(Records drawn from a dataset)
* * *
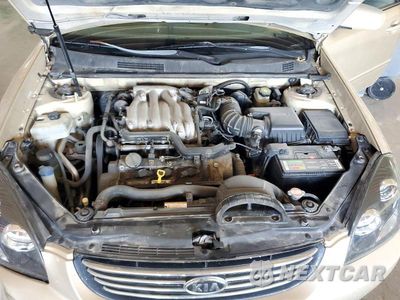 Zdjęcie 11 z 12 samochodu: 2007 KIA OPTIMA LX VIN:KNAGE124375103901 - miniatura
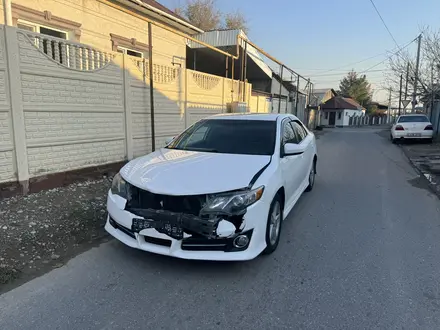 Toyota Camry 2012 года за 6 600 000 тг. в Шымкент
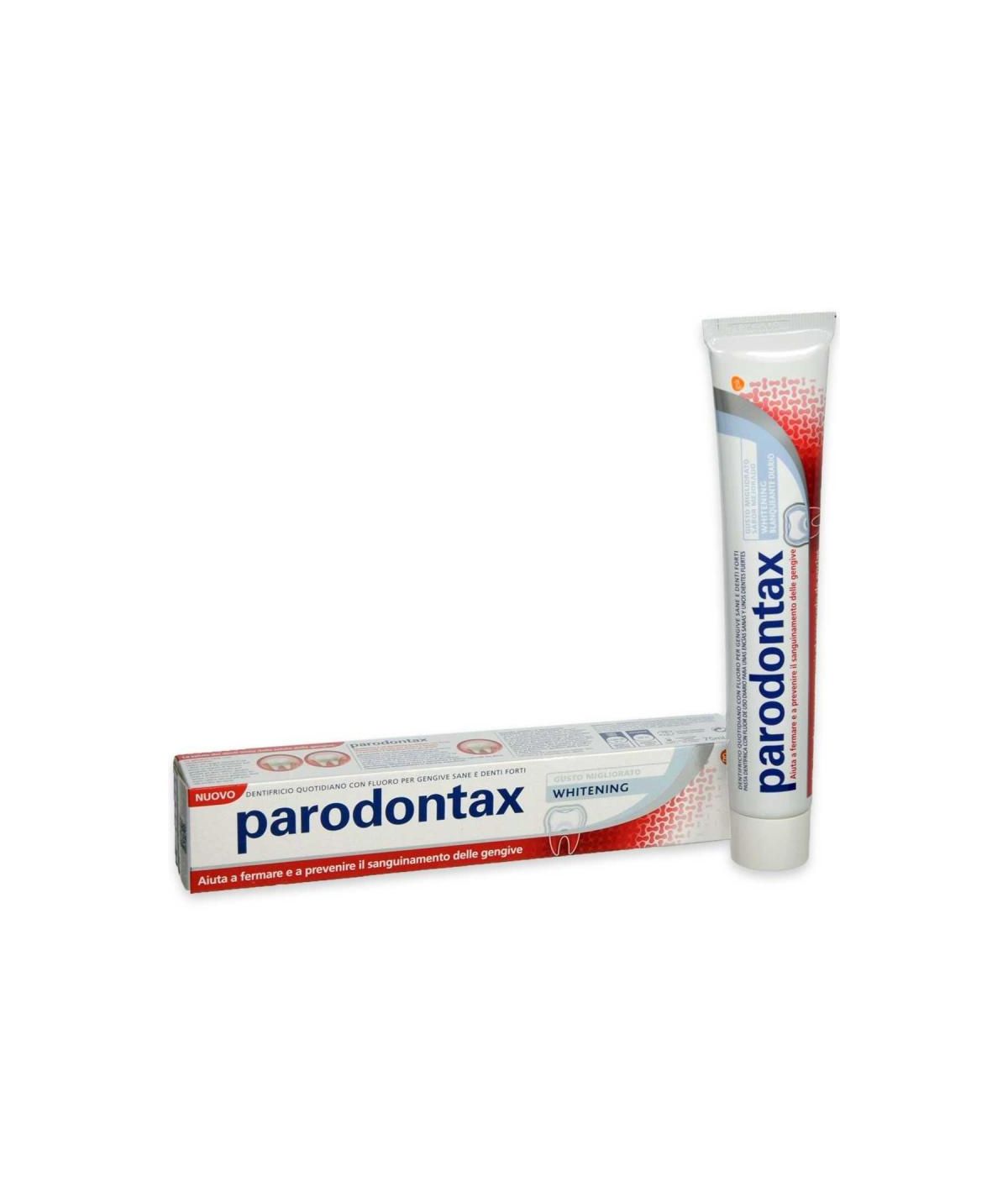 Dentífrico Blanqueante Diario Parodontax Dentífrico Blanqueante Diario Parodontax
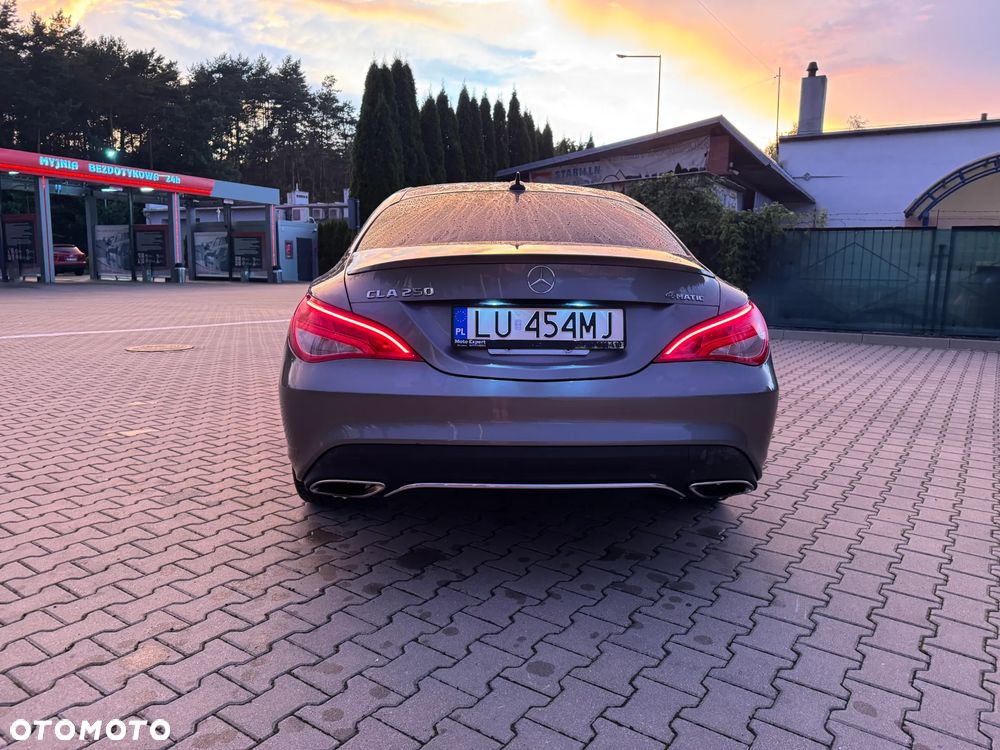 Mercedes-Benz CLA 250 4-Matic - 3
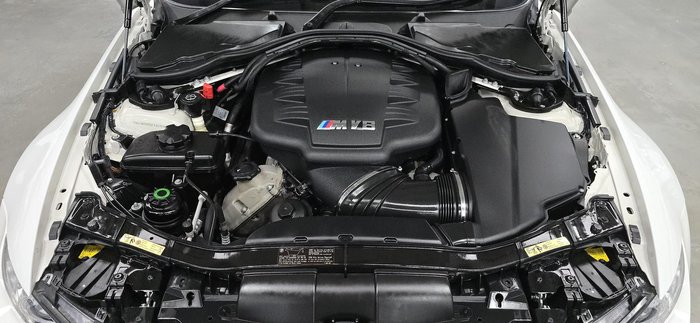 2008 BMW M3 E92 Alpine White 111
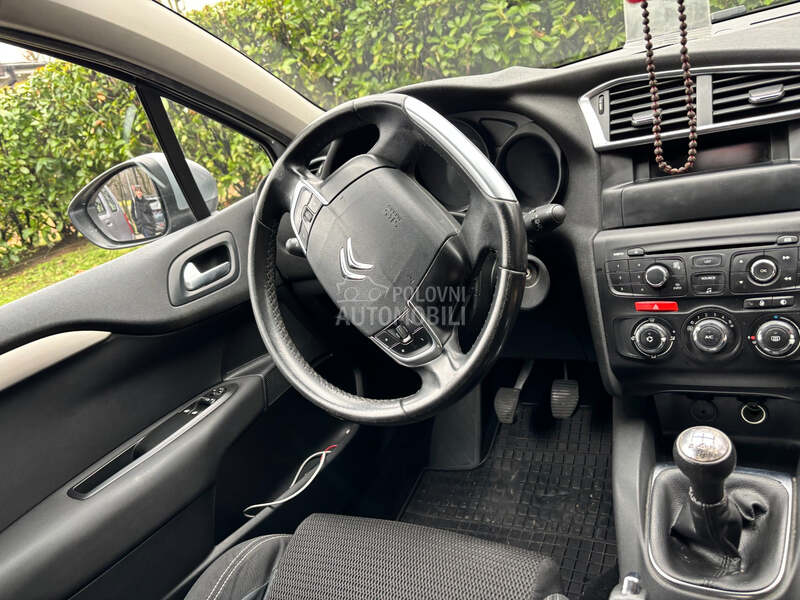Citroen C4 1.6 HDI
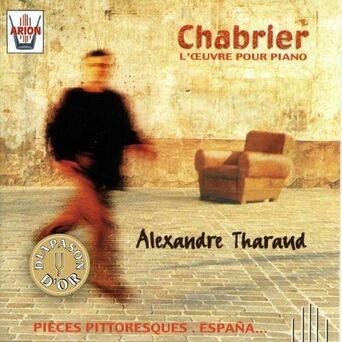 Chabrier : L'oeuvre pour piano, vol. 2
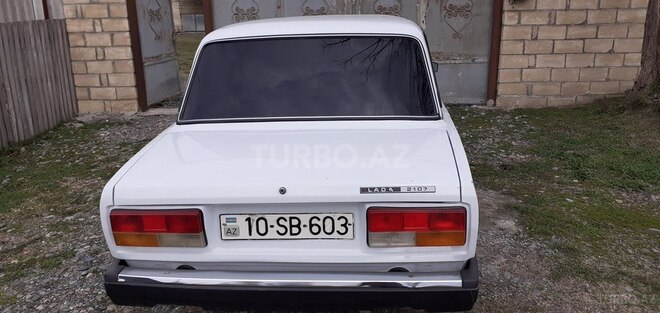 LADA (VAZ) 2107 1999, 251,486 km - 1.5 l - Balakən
* * *
**ACTION ITEM**
All lines from the one containing "Citroen C4 1.6 HDI" through the final line of the records are to be retyped exactly; no other lines and no pictures are to be included.

**WRITTEN REPLY**
Citroen C4 1.6 HDI
 Chabrier : L'oeuvre pour piano, vol. 2
 LADA (VAZ) 2107 1999, 251,486 km - 1.5 l - Balakən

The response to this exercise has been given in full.